Dal pacchetto di sigarette poggiato sul tavolino, la zingara intanto pareva osservarlo. La gonna gonfia per il ballo e il braccio alzato con il ventaglio, suggerivano qualcosa allo stanco Abeille. Tra il fumo e le tante piroette che la figurina stava facendo solo per lui, una in particolare lo fece saltare sulla sedia: la gitana lievissimamente, alla fine della danza, aveva formato dapprima un 8 poi sicuramente un 3 prima di fermarsi di nuovo. Ma a quel punto il giovane studioso di economia aveva già deciso: il rapporto deficit/Pil, in Francia, sarebbe stato fissato al 3%.

Un buon numero storico
La storia delle Gitanes è inventata. Il resto è vero.
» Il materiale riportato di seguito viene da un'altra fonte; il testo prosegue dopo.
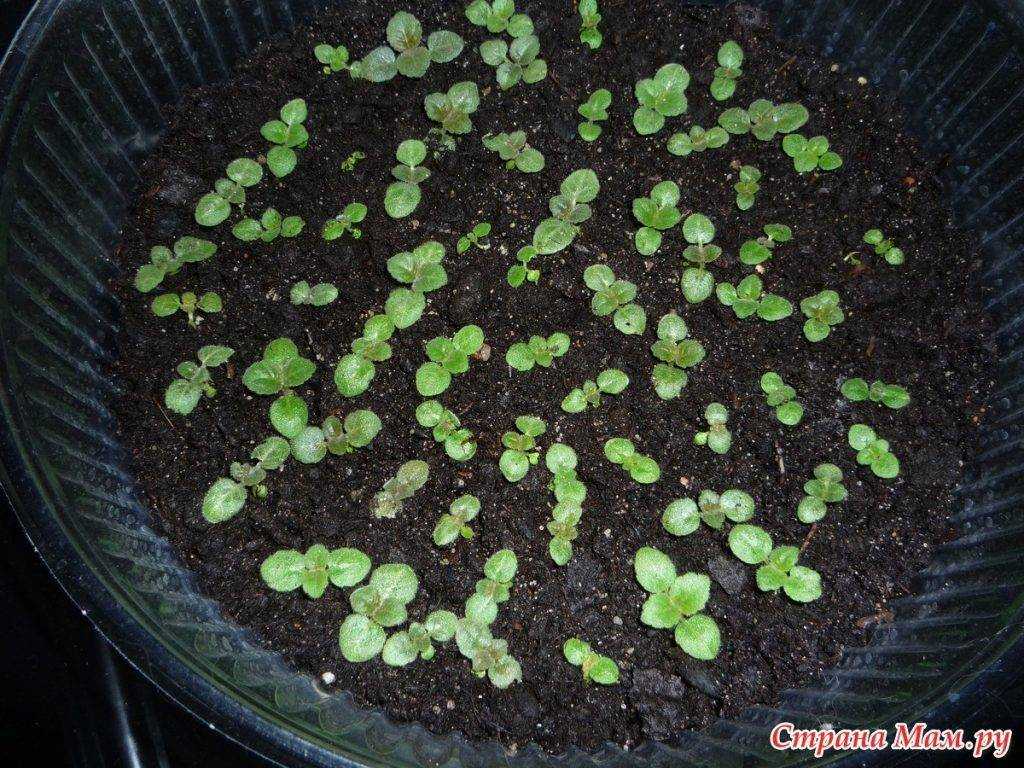 Глоксиния: размножение листом в воде и в земле, когда появятся детки, фото
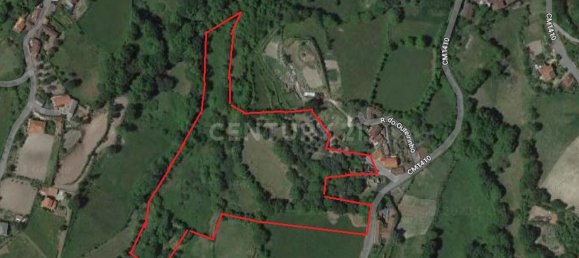 4 bedrooms House in Cantelaes, Portugal No. 42972 6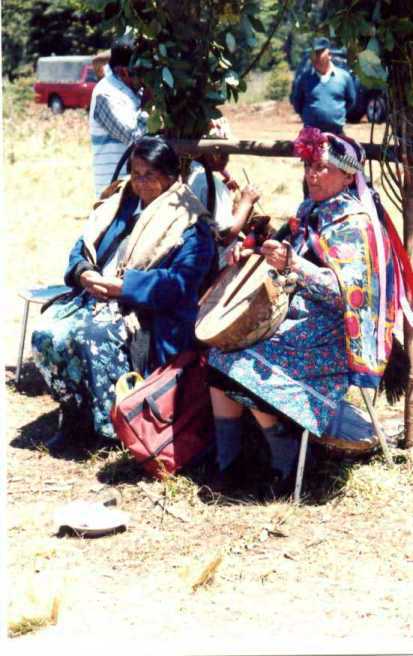 wetripantu01 wetripantu01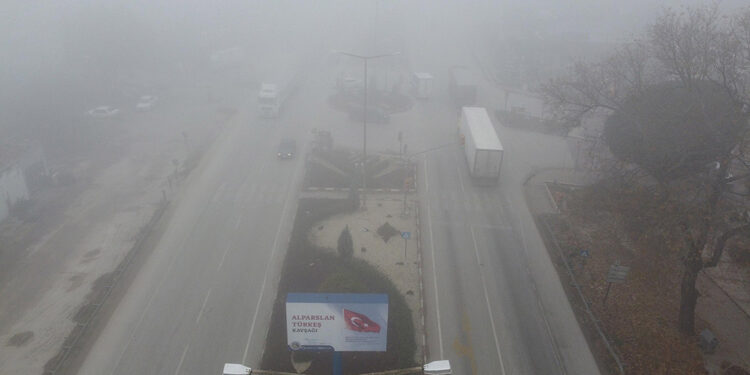 Manisa'da sis etkili oldu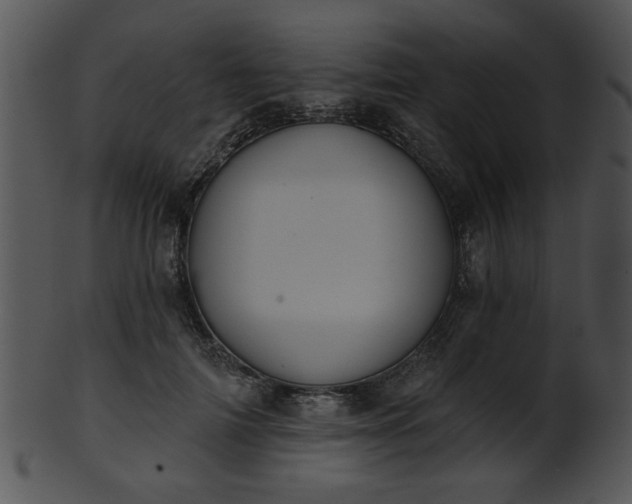 X0000101450698200807141244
Nel 1993 la cifra che, come ricorda lo stesso Guy Abeille oggi sessantaduenne, non scaturì da complicati studi o da fredde teorie sui sistemi produttivi ma soltanto perché, parole sue, «era un buon numero, storico, che fa pensare alla Trinità», diventò un pilastro del Trattato di Maastricht.
Uno dei fondamenti che reggono le politiche di austerità europea di questi anni e che il Presidente del Consiglio italiano intende rispettare, con i contraccolpi che questa decisione inevitabilmente provoca nelle vite di noi tutti, è quindi una pura invenzione, senza basi scientifiche, creata in un’ora.
Il quotidiano Le Parisien è stato uno dei primi a lanciare questa notizia, seguito dal nostro Il Sole 24 Ore.